I said nothing of the kind. I said that was the case under the existing law which this Bill is intended to amend.

MR. BRYN ROBERTS,

continuing, said, the hon. Member for Aberdeen stated that only 20 per cent. would recover under this Bill, because any person who in the slightest degree was guilty of contributory negligence in cases of accident could not recover. Therefore, under the Bill 80 per cent. would not recover any damages at all, but they would recover damages or compensation from the Insurance Societies. It was no consolation to the 80 per cent. who were deprived of compensation through their own contributory neglect to be able to say that the 20 per cent. would get larger damages in consequence under this Bill. In his view, there was no body of men in the country more intelligent and more capable of judging of their own interests, and it would be cruel to deny them the power to maintain their Insurance Societies and to force them to accept the Bill against their wishes. Only the previous week a meeting of railway men was held at Holyhead, and one of the speakers used this argument—If I am killed in a railway accident, which of you will come and give evidence on behalf of my widow against the Railway Company; which of you would not be afraid to do it?" That question was such a poser that the meeting unanimously resolved it would be far better to remain under the Society than to go under the Act. The hon. Member for Aberdeen had asked what the Bill would give the men. He omitted to enumerate one thing it would give them, and that was in every case a lawsuit. But under the clause of his hon. Friend they would get every farthing of compensation without any lawsuit whatever. The late Homo Secretary pointed out that the average amount recovered under the existing Act was not so large as the minimum granted by the Society; but he might have gone further, for it was a well-known fact that the damages awarded wore very considerably reduced by legal costs. The right hon.
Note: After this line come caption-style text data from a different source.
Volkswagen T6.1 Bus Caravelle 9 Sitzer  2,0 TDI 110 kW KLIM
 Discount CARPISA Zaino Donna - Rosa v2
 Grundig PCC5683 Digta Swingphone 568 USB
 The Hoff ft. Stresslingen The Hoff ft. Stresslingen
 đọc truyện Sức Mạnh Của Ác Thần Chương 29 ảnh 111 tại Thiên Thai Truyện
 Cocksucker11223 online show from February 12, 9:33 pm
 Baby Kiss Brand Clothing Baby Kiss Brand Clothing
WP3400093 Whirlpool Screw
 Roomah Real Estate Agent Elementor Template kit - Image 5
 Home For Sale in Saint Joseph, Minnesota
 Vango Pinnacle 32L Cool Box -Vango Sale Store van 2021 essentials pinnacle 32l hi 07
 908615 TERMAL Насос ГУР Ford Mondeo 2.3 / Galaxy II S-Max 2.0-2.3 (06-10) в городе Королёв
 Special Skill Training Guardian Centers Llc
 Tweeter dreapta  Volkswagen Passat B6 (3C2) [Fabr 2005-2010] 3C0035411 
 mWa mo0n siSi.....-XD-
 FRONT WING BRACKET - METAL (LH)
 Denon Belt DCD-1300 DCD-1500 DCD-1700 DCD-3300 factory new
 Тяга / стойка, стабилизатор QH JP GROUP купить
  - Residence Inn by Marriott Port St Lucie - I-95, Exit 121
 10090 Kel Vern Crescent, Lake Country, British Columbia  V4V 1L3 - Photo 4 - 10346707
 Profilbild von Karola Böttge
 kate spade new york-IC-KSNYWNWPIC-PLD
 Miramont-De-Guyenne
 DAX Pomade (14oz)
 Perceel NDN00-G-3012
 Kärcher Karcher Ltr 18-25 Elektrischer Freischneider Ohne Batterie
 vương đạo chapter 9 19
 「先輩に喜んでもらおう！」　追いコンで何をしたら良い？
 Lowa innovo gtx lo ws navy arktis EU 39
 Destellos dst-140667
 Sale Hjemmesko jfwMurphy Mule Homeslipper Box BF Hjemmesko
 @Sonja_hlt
Gentleman the present Home Secretary used one other argument which was fallacious, and that was that the company was niggardly in its treatment of serious cases, because the compensation was limited to £100; but he forgot that these Societies could do what Friendly Societies were unable to do—i.e., cope with all cases, however serious. He was convinced that if he voted against the clause of the hon. Member for Crewe he would be acting not only against the wishes of his constituents, but also against every principle of justice and expediency.

Motion made, and Question proposed, "That the Debate be now adjourned."—(Mr. Fenwick.)

Motion agreed to.

Debate further adjourned till Tomorrow.